* [Exercise instructions]:
Give a verbatim repeat of the lines that run from the line containing "Image de Ice" to the end of the data below.

____ Source data

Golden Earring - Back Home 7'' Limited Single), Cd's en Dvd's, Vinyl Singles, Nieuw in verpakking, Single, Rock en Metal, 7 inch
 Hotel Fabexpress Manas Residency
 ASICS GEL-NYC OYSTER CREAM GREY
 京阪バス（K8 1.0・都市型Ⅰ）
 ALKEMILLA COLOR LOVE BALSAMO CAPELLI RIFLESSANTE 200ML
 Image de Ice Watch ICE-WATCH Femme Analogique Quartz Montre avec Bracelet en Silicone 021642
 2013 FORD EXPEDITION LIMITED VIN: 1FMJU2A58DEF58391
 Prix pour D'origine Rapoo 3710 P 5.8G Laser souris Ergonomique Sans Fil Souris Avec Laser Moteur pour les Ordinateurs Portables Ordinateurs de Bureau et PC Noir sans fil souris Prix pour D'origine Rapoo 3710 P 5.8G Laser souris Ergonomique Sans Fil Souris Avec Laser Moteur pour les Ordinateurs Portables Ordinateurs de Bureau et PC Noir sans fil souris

________

* [Response area]:
 Image de Ice Watch ICE-WATCH Femme Analogique Quartz Montre avec Bracelet en Silicone 021642
 2013 FORD EXPEDITION LIMITED VIN: 1FMJU2A58DEF58391
 Prix pour D'origine Rapoo 3710 P 5.8G Laser souris Ergonomique Sans Fil Souris Avec Laser Moteur pour les Ordinateurs Portables Ordinateurs de Bureau et PC Noir sans fil souris Prix pour D'origine Rapoo 3710 P 5.8G Laser souris Ergonomique Sans Fil Souris Avec Laser Moteur pour les Ordinateurs Portables Ordinateurs de Bureau et PC Noir sans fil souris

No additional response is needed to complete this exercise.